*** Material shown Section Begins ***

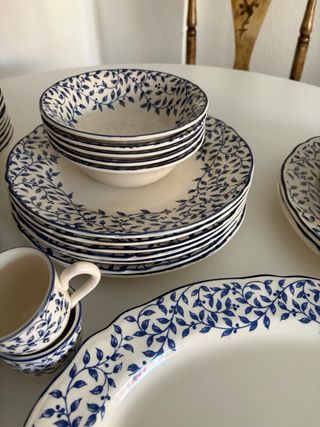 Vajilla 40 piezas + juego café azul y blanco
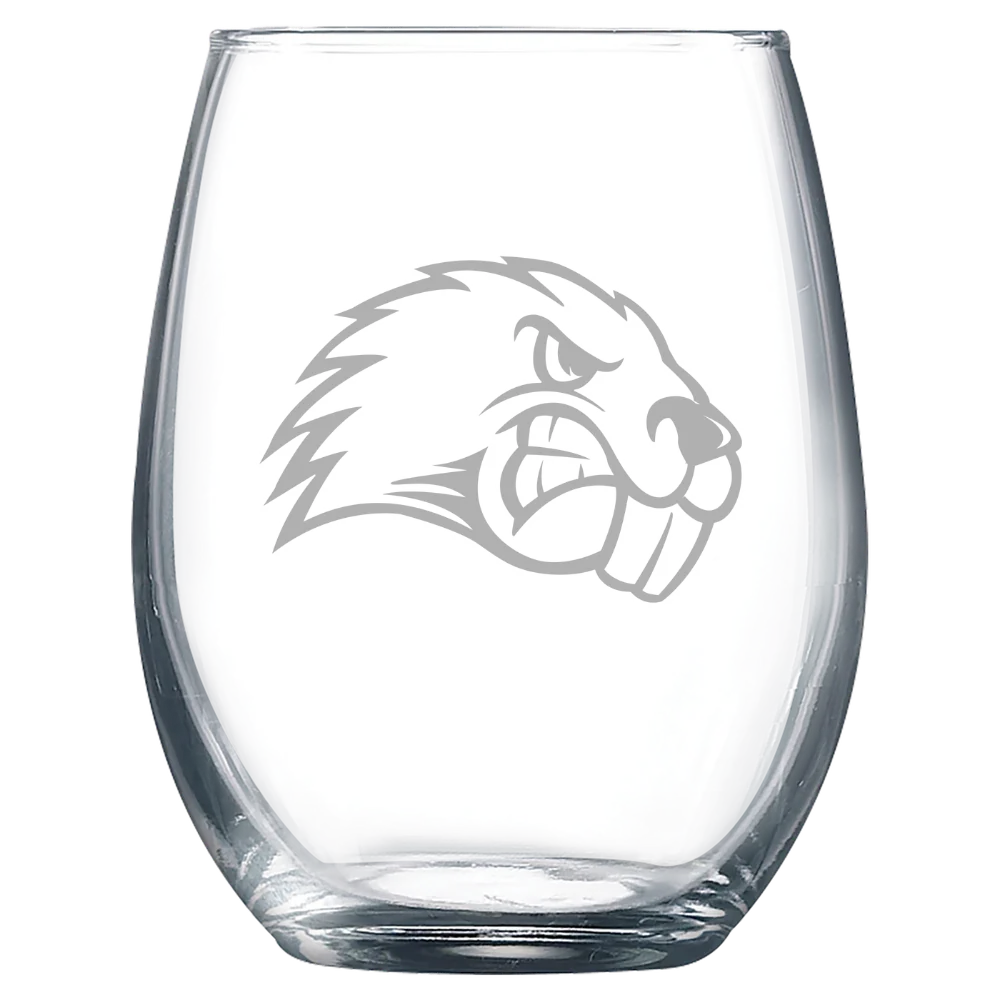 University of Maine, Farmington Polar Camel 9 oz. Stemless Wine Glass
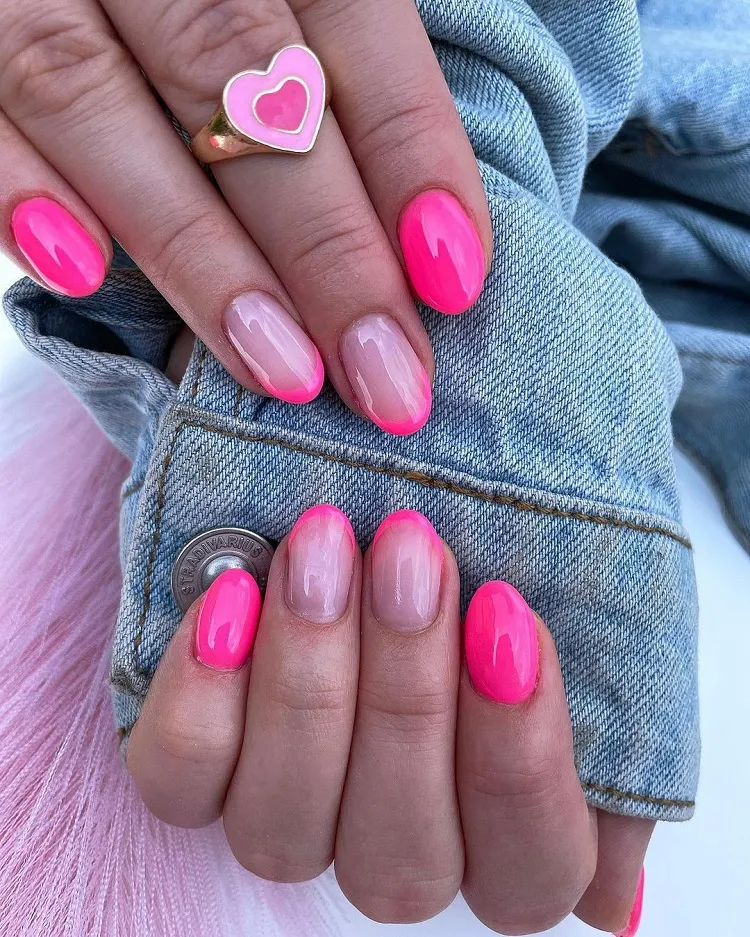 neon pink french tip summer nails design inspo trends 2023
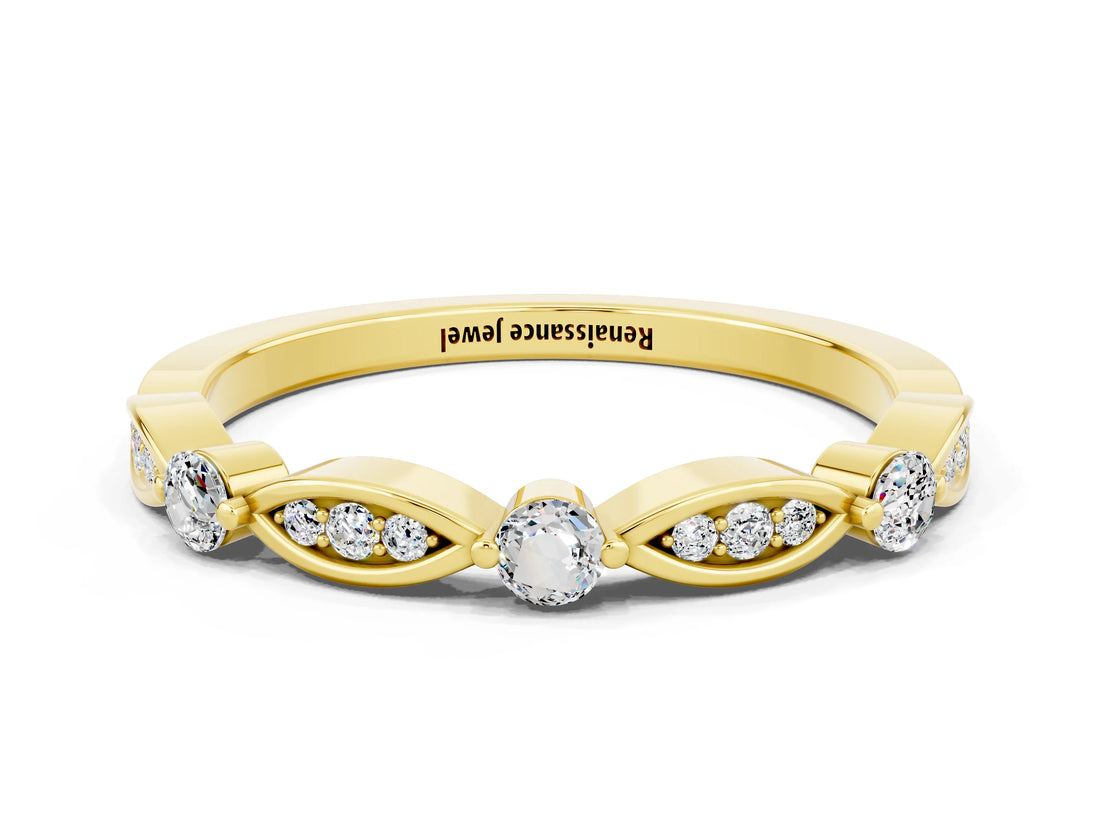 Yellow gold Marquise and Round Moissanite Milgrain Band with Bezel Setting_6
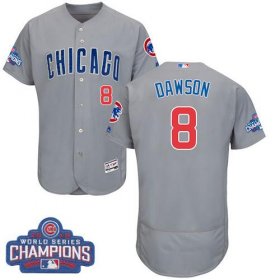 Wholesale Cheap Cubs #8 Andre Dawson Grey Flexbase Authentic Collection Road 2016 World Series Champions Stitched MLB Jersey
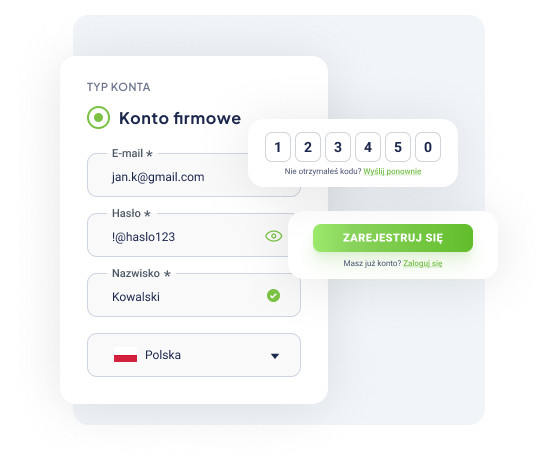 Ekran rejestracji konta firmowego GlobKurier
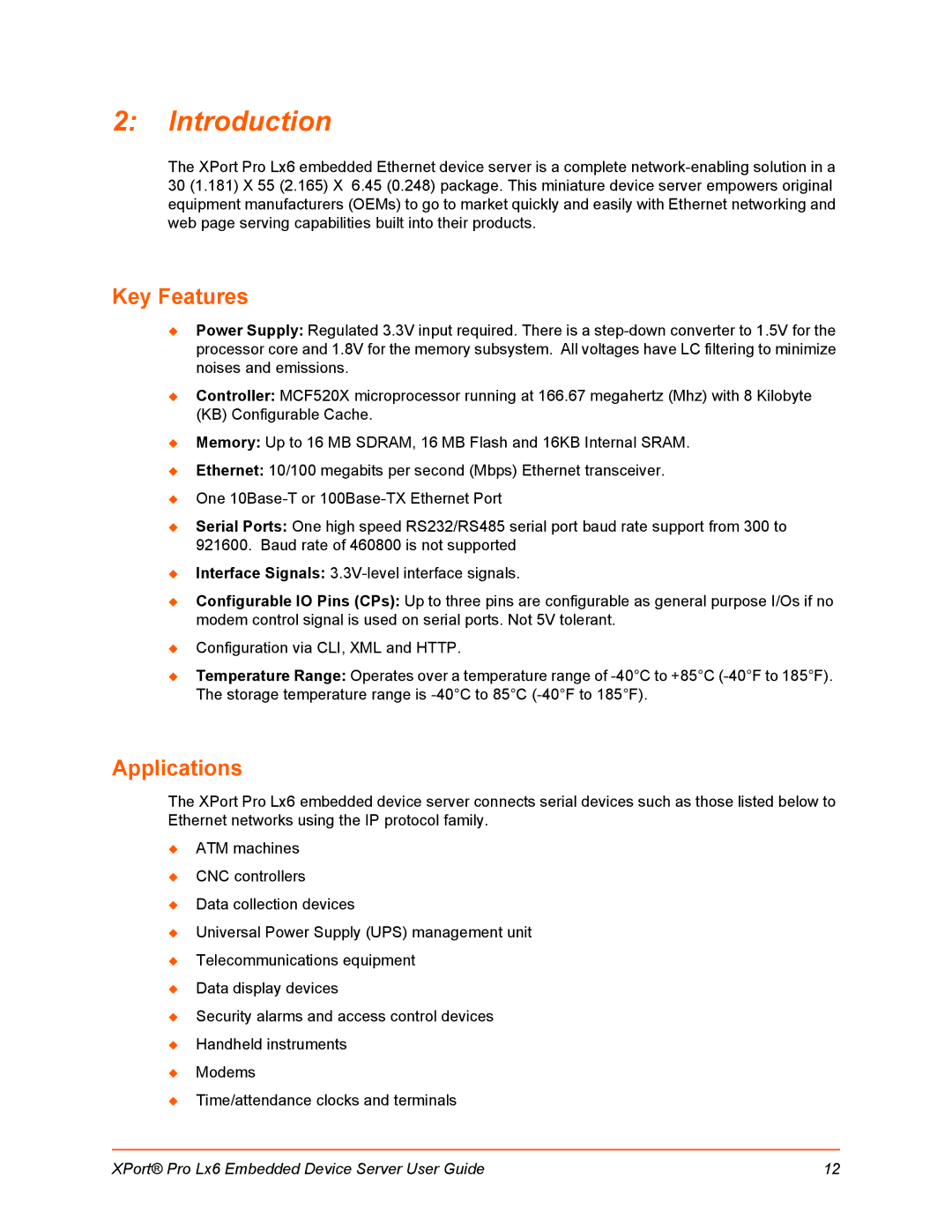 Lantronix LX6 manual Introduction, Key Features, Applications 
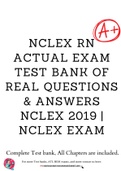 NCLEX RN ACTUAL EXAM TEST BANK OF REAL QUESTIONS & ANSWERS NCLEX 2019 | NCLEX Exam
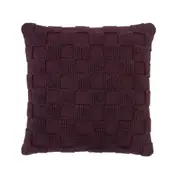 Bambury Harris 500GSM 100% Cotton Square Checkerboard Cushion Plum 50x50cm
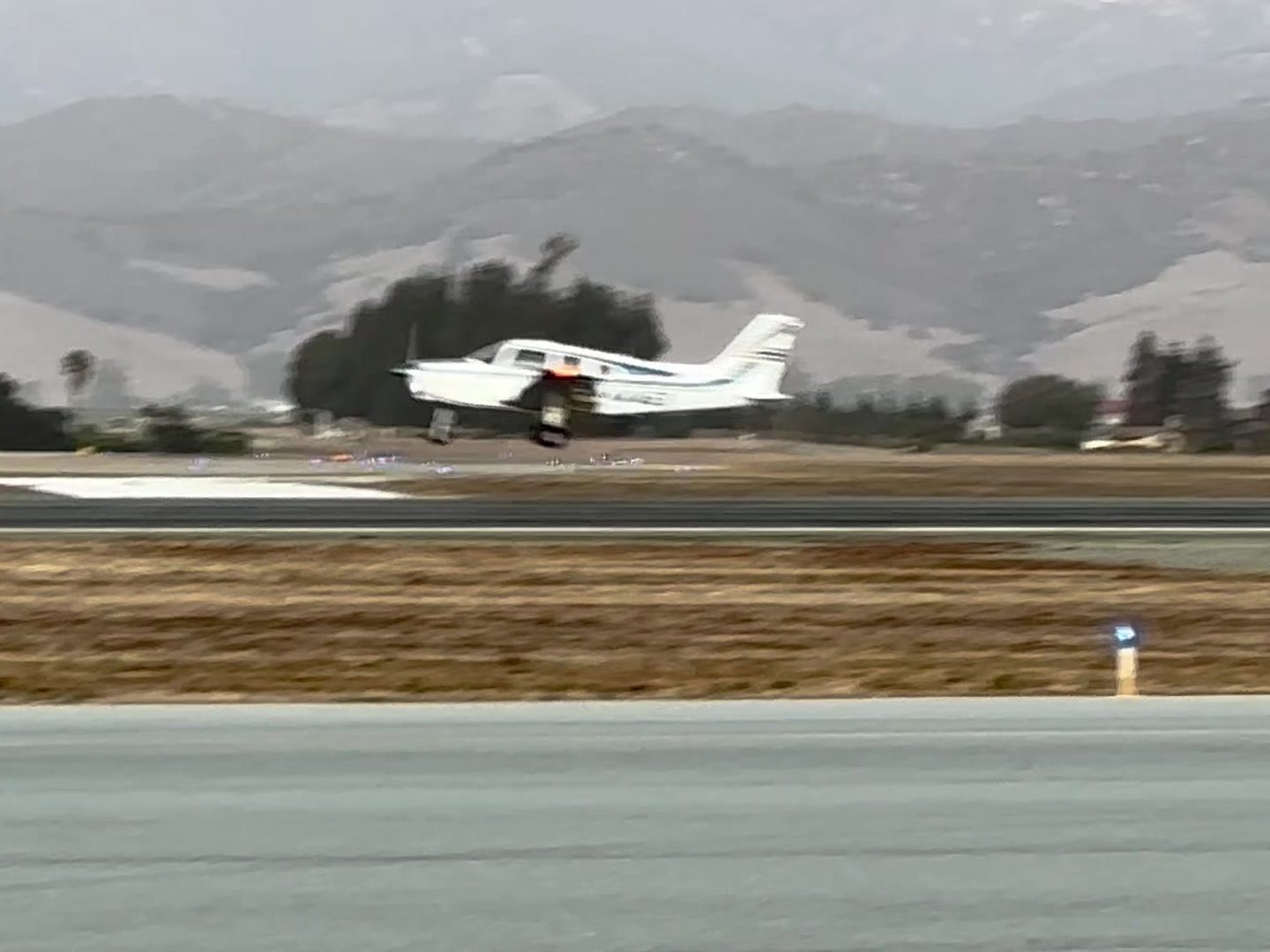 The Warrior touching down on runway 31 at Salinas with Nazeem flying solo.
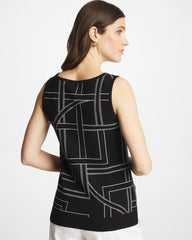 Chico's Discount Black Ella Graphic Scoopneck Tank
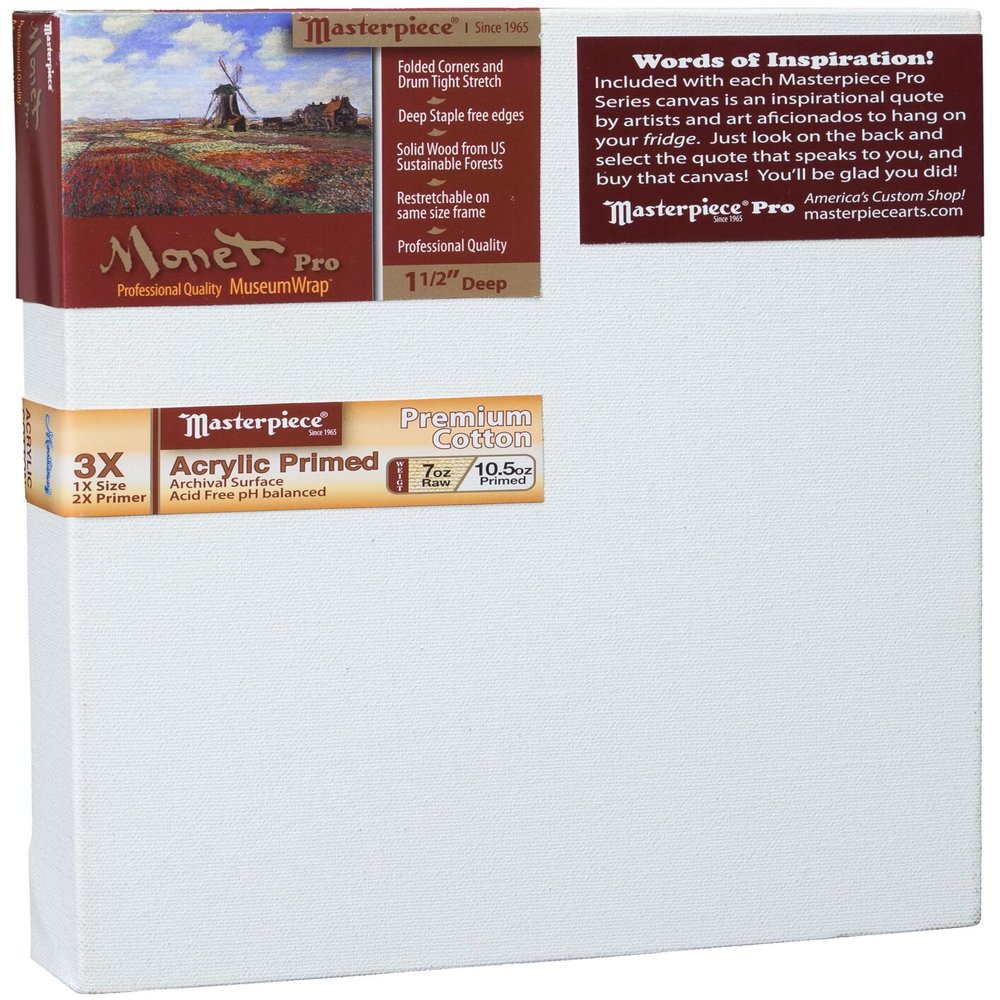 MASTERPIECE 43084 Monet Pro 1.5" Deep Monterey 10.5 oz Cotton Medium Texture Stretched Canvas 8" x 13"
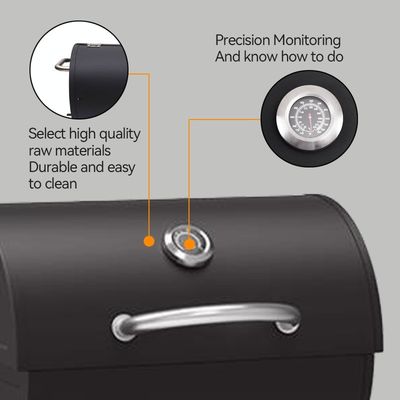 Smokeless Barrel Smoker BBQ Grill with Piezoelectric Ignition and Convenient Table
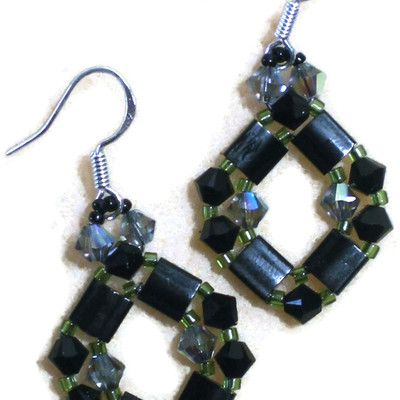 Black diamond shape woven earrings on sterling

*** Material shown Section Ends ***

-- Exercise directions --
Every line above gets copied exactly; none of the pictures do.

-- Result for this exercise --
 Vajilla 40 piezas + juego café azul y blanco
 University of Maine, Farmington Polar Camel 9 oz. Stemless Wine Glass
 neon pink french tip summer nails design inspo trends 2023
 Yellow gold Marquise and Round Moissanite Milgrain Band with Bezel Setting_6
 Wholesale Cheap Cubs #8 Andre Dawson Grey Flexbase Authentic Collection Road 2016 World Series Champions Stitched MLB Jersey
 Ekran rejestracji konta firmowego GlobKurier
 Lantronix LX6 manual Introduction, Key Features, Applications 
 NCLEX RN ACTUAL EXAM TEST BANK OF REAL QUESTIONS & ANSWERS NCLEX 2019 | NCLEX Exam
 Bambury Harris 500GSM 100% Cotton Square Checkerboard Cushion Plum 50x50cm
 The Warrior touching down on runway 31 at Salinas with Nazeem flying solo.
 Chico's Discount Black Ella Graphic Scoopneck Tank
 MASTERPIECE 43084 Monet Pro 1.5" Deep Monterey 10.5 oz Cotton Medium Texture Stretched Canvas 8" x 13"
 Smokeless Barrel Smoker BBQ Grill with Piezoelectric Ignition and Convenient Table
 Black diamond shape woven earrings on sterling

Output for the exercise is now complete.